Evaluating Robustness in Latent Diffusion Models via Embedding Level Augmentation
This work addresses robustness issues in latent diffusion models for image generation, which is an incremental improvement focusing on a specific domain.
The paper tackles the lack of robustness in latent diffusion models by proposing novel data augmentation techniques and a tailored evaluation pipeline, fine-tuning Stable Diffusion models with Dreambooth to reveal and address robustness shortcomings in processing textual prompts.
Latent diffusion models (LDMs) achieve state-of-the-art performance across various tasks, including image generation and video synthesis. However, they generally lack robustness, a limitation that remains not fully explored in current research. In this paper, we propose several methods to address this gap. First, we hypothesize that the robustness of LDMs primarily should be measured without their text encoder, because if we take and explore the whole architecture, the problems of image generator and text encoders wll be fused.

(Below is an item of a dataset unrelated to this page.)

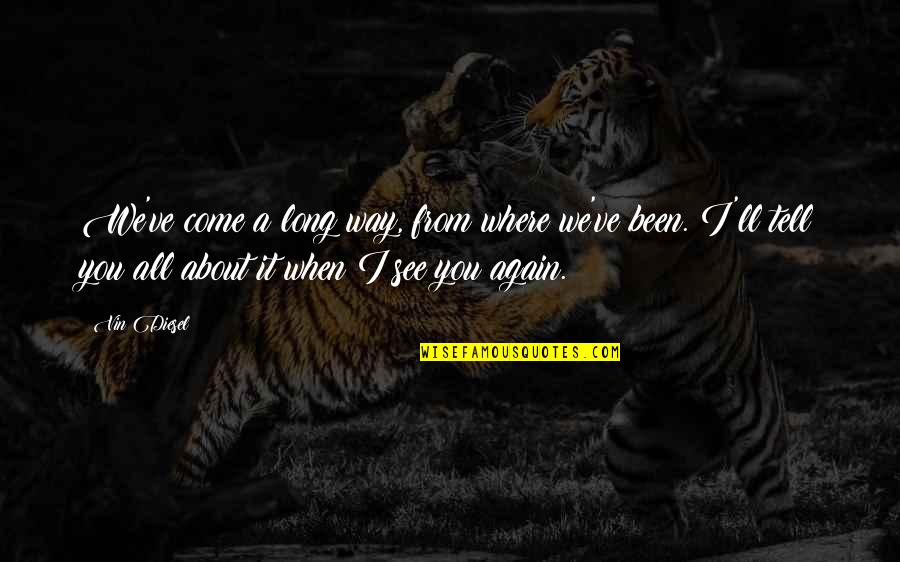 When I See You Again Quotes By Vin Diesel: We've come a long way, from where we've When I See You Again Quotes By Vin Diesel: We've come a long way, from where we've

Second, we introduce novel data augmentation techniques designed to reveal robustness shortcomings in LDMs when processing diverse textual prompts. We then fine-tune Stable Diffusion 3 and Stable Diffusion XL models using Dreambooth, incorporating these proposed augmentation methods across multiple tasks. Finally, we propose a novel evaluation pipeline specifically tailored to assess the robustness of LDMs fine-tuned via Dreambooth.